One of those businesses used to be Consolidated Film Industries (CFI), a film lab that called 959 Seward home until 2002.  When the land was to be sold in 2005, it turned out that decades of film processing chemicals had leaked into the soil below CFI's campus.  The site was required to undergo substantial soil remediation, with over 85,000 cubic feet of dirt removed from the lot and backfilled with crushed concrete.

An overhead view of 959 Seward from decades ago, when it was still home to Consolidated Film Industries.

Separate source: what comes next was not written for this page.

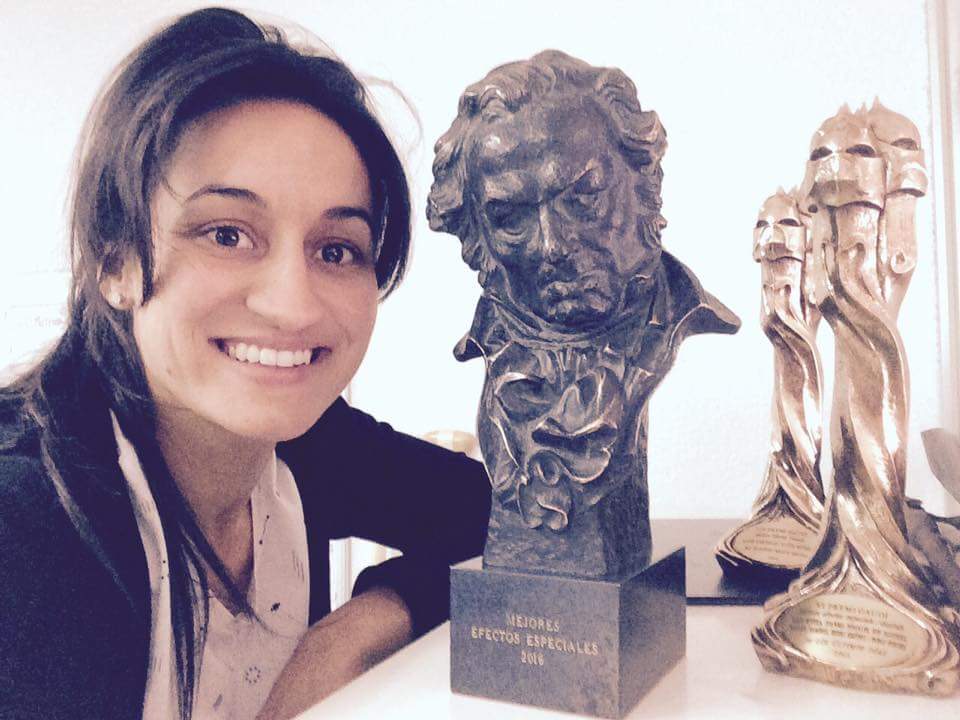 InExtremis_Film's tweet photo. You go girl!! 👧 💪💪

#InExtremisFilm #stuntwoman #manager #girlpower @EstherStunt 
#Goya2016  #PremisGaudí  #sfx https://t.co/UJPdgM9Lxm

In spite of mediocre vacancy rates throughout the city, J.H. Snyder seems to be quite bullish about the future of Los Angeles' office market.  In addition to 959 Seward, the company has two other large office developments set to start work in the near future.  The company recently agreed to take over development of 1601 Vine, an eight story, 114,000 square foot proposal near the Hollywood/Vine subway station.  The agreement stipulates that groundbreaking must take place by April of 2014.

1601 Vine

Snyder also has plans for a 13 floor, 250,000 square foot office building on the Miracle Mile.  The company informed the Park La Brea News that they tentatively hope to break ground on the Museum Square Office Tower in 2014.

Museum Square Office Tower

Friday, August 16, 2013

Selma and Vine Moving Towards Construction

Selma and Vine.  Image from TCA Architects.

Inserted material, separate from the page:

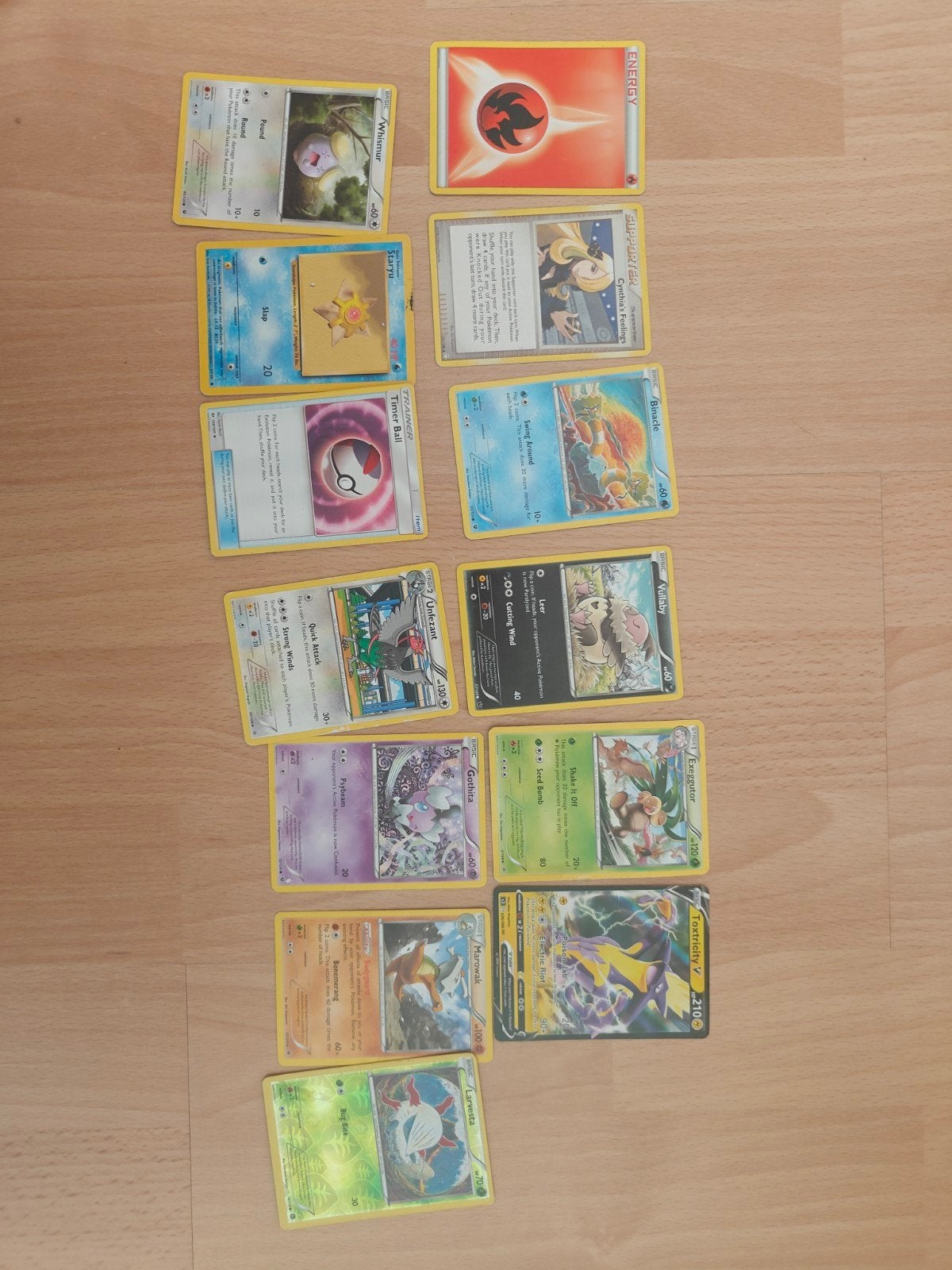 Pokémon Kaarten: Toxtricity V en diverse andere kaarten, Ophalen, Gebruikt, Meerdere kaarten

Back in February, Curbed LA broke the news that the long stalled mixed-use development slated for the southeastern corner of Selma and Vine was coming back from the dead.  Since then, 1540 N. Vine has slowly made its way through the permitting process and has now reached the plan check stage.

A close up gives us a look at some architectural details.  Cladding on the Vine Street frontage appears to be brick and wood veneer.  TCA's unofficial trademark is copious amounts of stucco, so this represents a welcome departure.

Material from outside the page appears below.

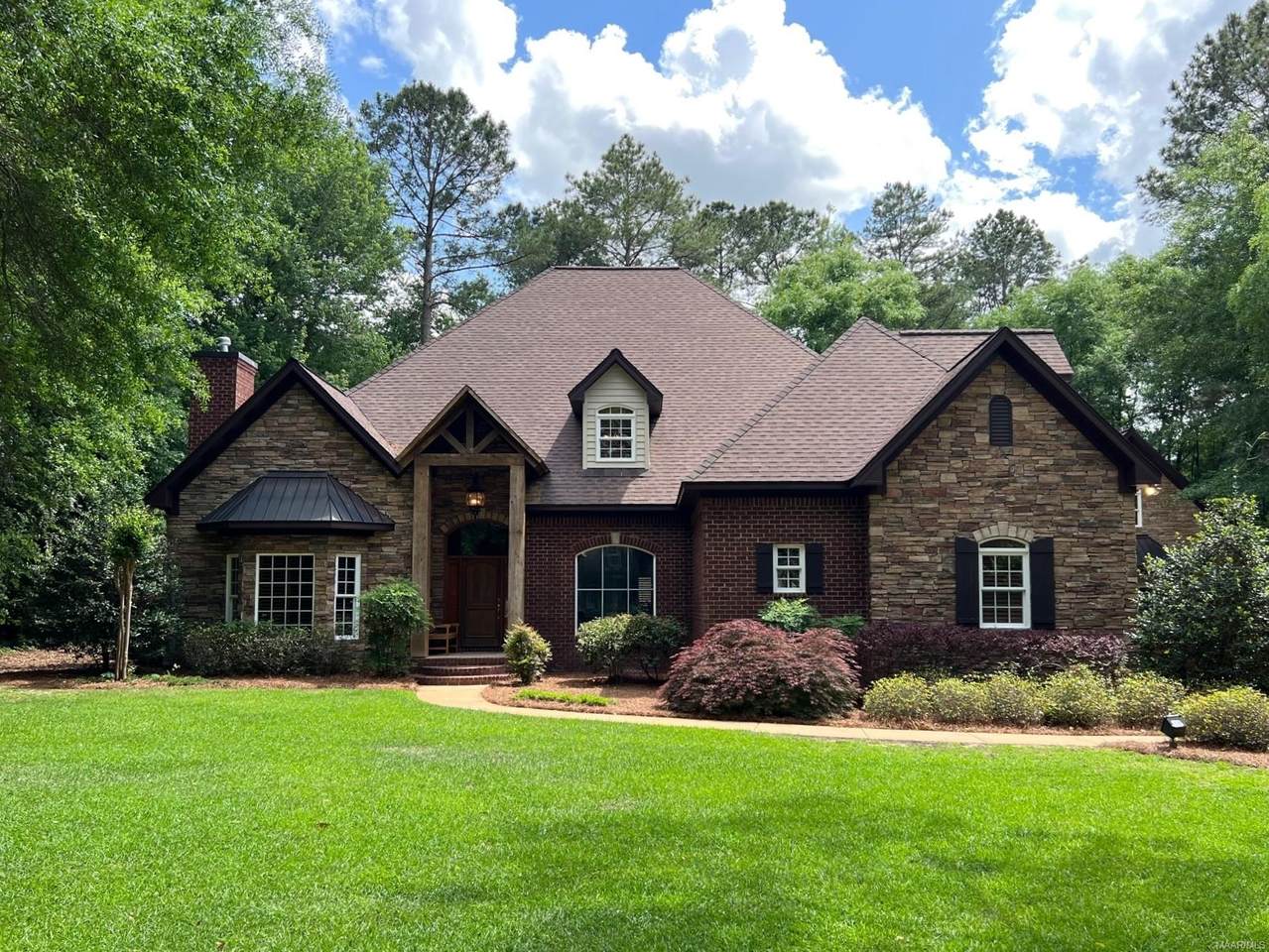 102 Bayberry Lane - Photo 1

When completed in 2016, Selma and Vine will bring 306 apartments with ground floor retail.  No official word on a groundbreaking date, but late 2013/early 2014 seems likely based on where the project currently stands with the Department of Building and Safety.

This comes on the heels of the revelation that J.H. Snyder will take over development of 1601 N Vine, planned for the opposite side of the intersection.  Groundbreaking for the eight story office building is expected by April of 2014.

1601 N Vine

And all of this is located no more than a five minute walk from the Hollywood/Vine Red Line station.  The neighborhood around the station is seeing a tsunami of proposed developments, including the tall (and controversial) Millenium Hollywood towers, the Columbia Square redevelopment, and the twin 28-story Palladium Residences.  No wonder Hollywood NIMBYs are freaking out: this is their ultimate nightmare scenario.